Data for the task Block Start

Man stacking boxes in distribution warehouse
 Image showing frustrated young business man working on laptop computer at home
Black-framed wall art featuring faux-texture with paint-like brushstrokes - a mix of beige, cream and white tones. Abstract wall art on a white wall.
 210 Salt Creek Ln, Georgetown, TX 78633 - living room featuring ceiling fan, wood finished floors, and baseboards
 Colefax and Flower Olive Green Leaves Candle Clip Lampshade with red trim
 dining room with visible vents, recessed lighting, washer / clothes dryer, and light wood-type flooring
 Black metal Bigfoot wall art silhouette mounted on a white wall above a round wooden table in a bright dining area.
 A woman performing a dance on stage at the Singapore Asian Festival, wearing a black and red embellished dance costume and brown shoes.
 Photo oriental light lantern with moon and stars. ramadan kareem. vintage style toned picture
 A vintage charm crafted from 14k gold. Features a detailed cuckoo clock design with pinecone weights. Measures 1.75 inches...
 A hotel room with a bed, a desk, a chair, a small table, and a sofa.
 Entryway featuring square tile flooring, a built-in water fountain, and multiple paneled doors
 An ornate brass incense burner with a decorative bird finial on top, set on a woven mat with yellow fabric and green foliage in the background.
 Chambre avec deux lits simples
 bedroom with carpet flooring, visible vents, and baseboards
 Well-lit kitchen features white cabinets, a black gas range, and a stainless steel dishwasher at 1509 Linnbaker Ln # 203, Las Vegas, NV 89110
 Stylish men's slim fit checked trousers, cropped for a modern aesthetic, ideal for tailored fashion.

Data for the task Block End

Across the data, count every line where the string "flooring" turns up, then write only that count.

## Finished task:
3